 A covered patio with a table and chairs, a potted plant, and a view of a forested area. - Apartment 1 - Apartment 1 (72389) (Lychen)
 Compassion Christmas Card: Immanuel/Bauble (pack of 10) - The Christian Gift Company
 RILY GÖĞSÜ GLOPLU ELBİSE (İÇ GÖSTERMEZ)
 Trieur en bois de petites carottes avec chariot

==

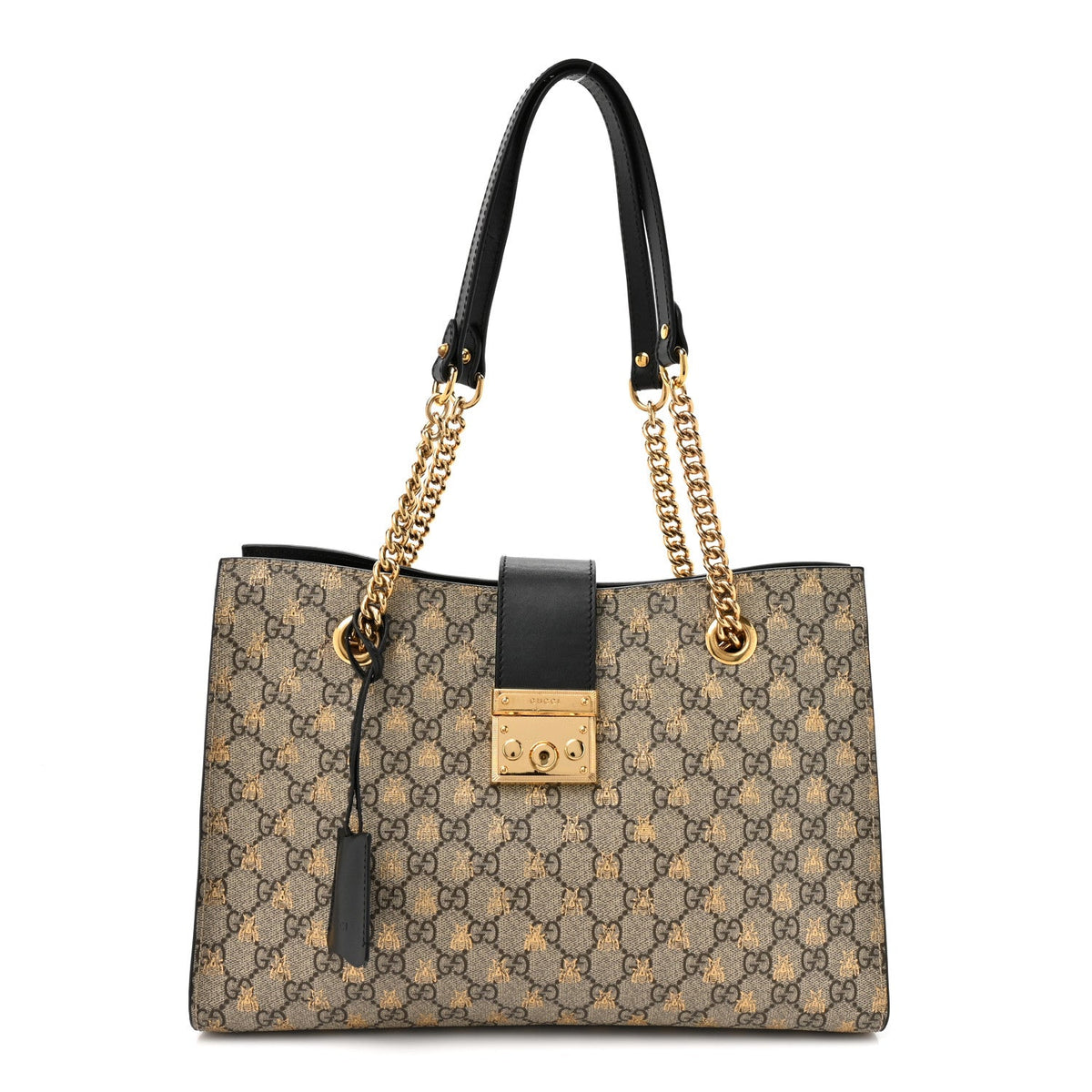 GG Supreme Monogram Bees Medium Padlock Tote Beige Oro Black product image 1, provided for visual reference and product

• _PROBLEM STATEMENT_
From the entries above, give again exactly the lines running from the line with "A covered patio" to the line with "Trieur en bois"; include both of those lines.

• _WRITTEN ANSWER_
 A covered patio with a table and chairs, a potted plant, and a view of a forested area. - Apartment 1 - Apartment 1 (72389) (Lychen)
 Compassion Christmas Card: Immanuel/Bauble (pack of 10) - The Christian Gift Company
 RILY GÖĞSÜ GLOPLU ELBİSE (İÇ GÖSTERMEZ)
 Trieur en bois de petites carottes avec chariot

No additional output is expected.